Deposed Libyan leader Muammar Gaddafi died of wounds suffered in his capture near his hometown of Sirte on Thursday, a senior National Transitional Council military official said.

The NTC official, Abdel Majid Mlegta, had told Reuters earlier that Gaddafi was captured and wounded in both legs at dawn on Thursday as he tried to flee in a convoy which NATO warplanes had attacked.

Muammar Gaddafi (PHOTO: Reuters)

"He was also hit in his head," said Mlegta. "There was a lot of firing against his group and he died."

Asked if there was photographic evidence to prove that Gaddafi was dead, Mlegta said: "We have the footage but it is not available now."

There was no independent confirmation of his remarks.
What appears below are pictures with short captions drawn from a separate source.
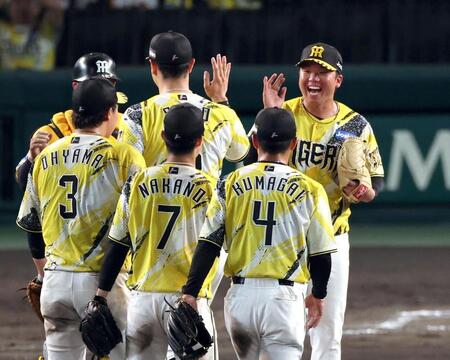 完封勝利を挙げ、笑顔でナインとタッチする村上（右）＝撮影・山口登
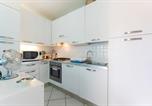 Location vacances Porto Azzurro - Il Porto Bilocale 11 con piscina - Goelba-2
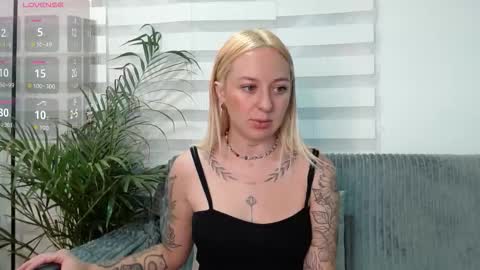 Antonia online show from February 8, 2026, 11:19 pm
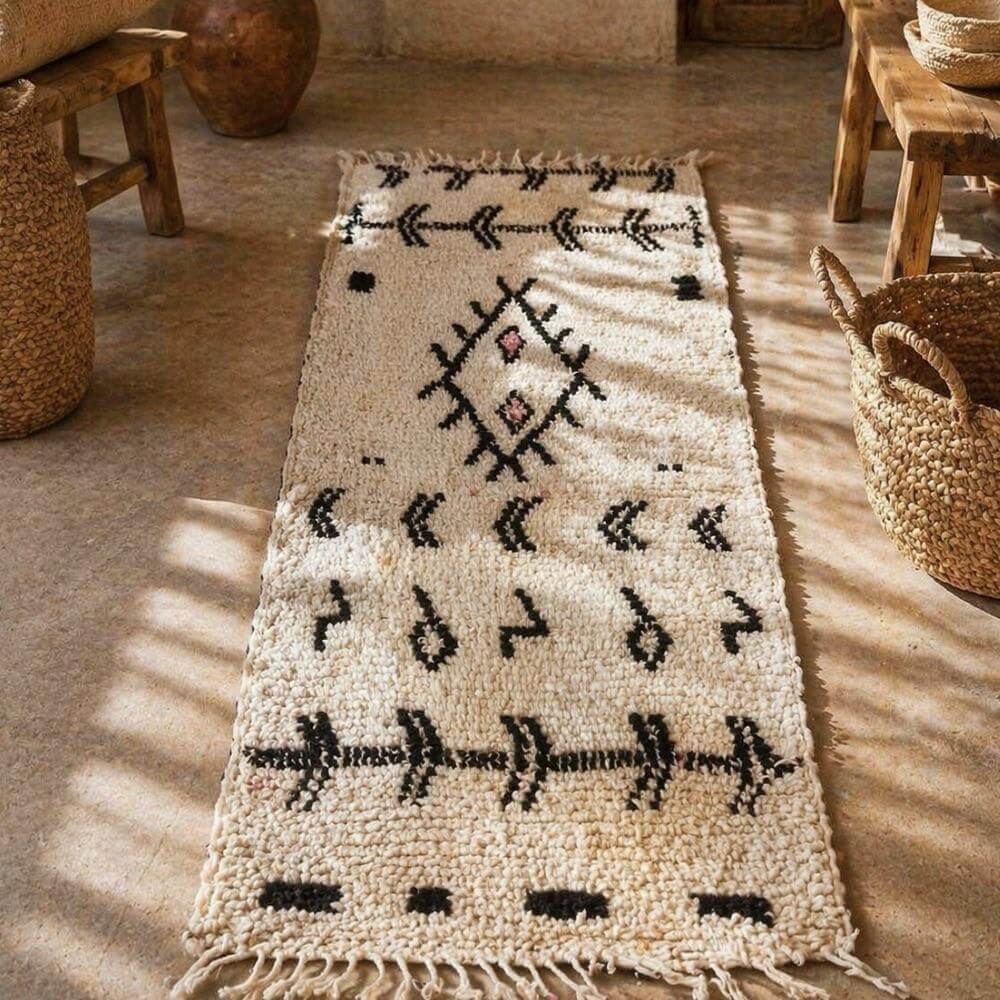 tapis-berbere-laine-artisanal-marocain-motifs-noir-blanc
Mlegta reported Gaddafi's death after Libyan interim government fighters took Sirte on Thursday, extinguishing the last significant resistance by forces loyal to the former leader and ending a two-month siege.

NATO warplanes struck the convoy and hit four cars as it headed west, Mlegta said, adding that the head of Gaddafi's armed forces Abu Bakr Younus Jabr had been killed during the attack.
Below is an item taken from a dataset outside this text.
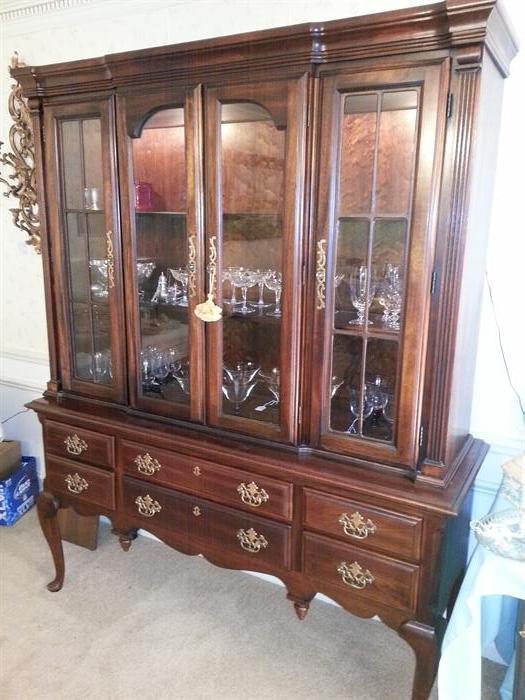 Vintage 1970's Chippendale/Queen Anne style china/display cabinet. Beautiful burled interior back,double lights, glass display shelves.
Ahmed Ibrahim, a cousin and adviser of Gaddafi, was captured along with former government spokesman Moussa Ibrahim, he added.

An anti-Gaddafi fighter said Gaddafi had been found hiding in a hole in the ground and had said "Don't shoot, don't shoot" to the men who grabbed him.

His capture followed within minutes of the fall of Sirte, a development that extinguished the last significant resistance by forces loyal to the deposed leader.

The capture of Sirte and the death of Gaddafi means Libya's ruling NTC should now begin the task of forging a new democratic system which it had said it would get under way after the city, built as a showpiece for Gaddafi's rule, had fallen.

Gaddafi, wanted by the International Criminal Court on charges of ordering the killing of civilians, was toppled by rebel forces on Aug. 23 after 42 years of one-man rule over the oil-producing North African state.

NTC fighters hoisted the red, black and green national flag above a large utilities building in the centre of a newly-captured Sirte neighbourhood and celebratory gunfire broke out among their ecstatic and relieved comrades.

Hundreds of NTC troops had surrounded the Mediterranean coastal town for weeks in a chaotic struggle that killed and wounded scores of the besieging forces and an unknown number of defenders.

NTC fighters said there were a large number of corpses inside the last redoubts of the Gaddafi troops. It was not immediately possible to verify that information.